Solved – Sample selection algorithms to ensure that training & validation sets are representative

cross-validationmachine learningrreliability

Currently, I am encountering a question, which is how to selection representative samples (training set and test set, even validation set) from the whole data set? I would like build a classification model using a training set and adjust the parameters using a validation set, and at last do prediction to the external test set which is not used to build model (in practice, some unseen data without labels).

Usually, some common methods are cross-validation, hold-out, etc. Random split methods can deal with the problem. But, when further data points do not fall in the model domain, the prediction will be not reliable. So instead of randomly splitting into training and test sets, are there split methods based on the independent variables (X), other than the Kennard-Stone algorithm? Or are there any algorithms can do these things reasonably? (These algorithms should consider the sample distribution between training and test set.)

Best Answer

If you want to go this route, you will need to consider the structure within your data in deciding which instances to use at some point (e.g. build a model).

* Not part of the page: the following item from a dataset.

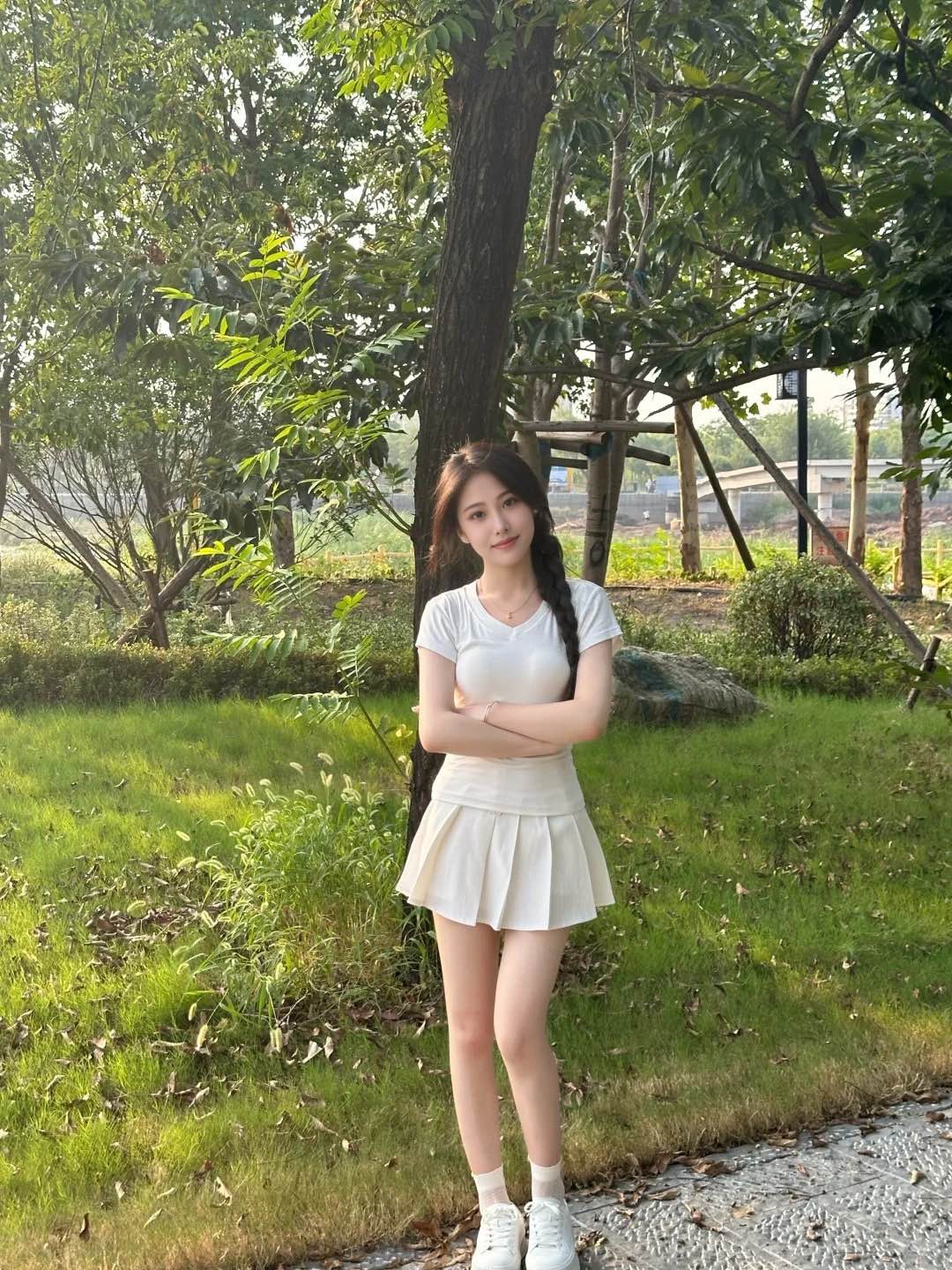 龙华区身材高挑的小燕子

One way to do this would be clustering your data and then using some instances from every cluster (depending on its size). If the clustering method and the classification method are related (for example both kernel-based), you are probably implicitly causing information leaks in the sampling approach. Ofcourse, the clustering method you choose essentially imposes a lot of assumptions so whether or not this beats random is very much the question.

Personally, I prefer randomized approaches: few assumptions and they never failed me yet in practice.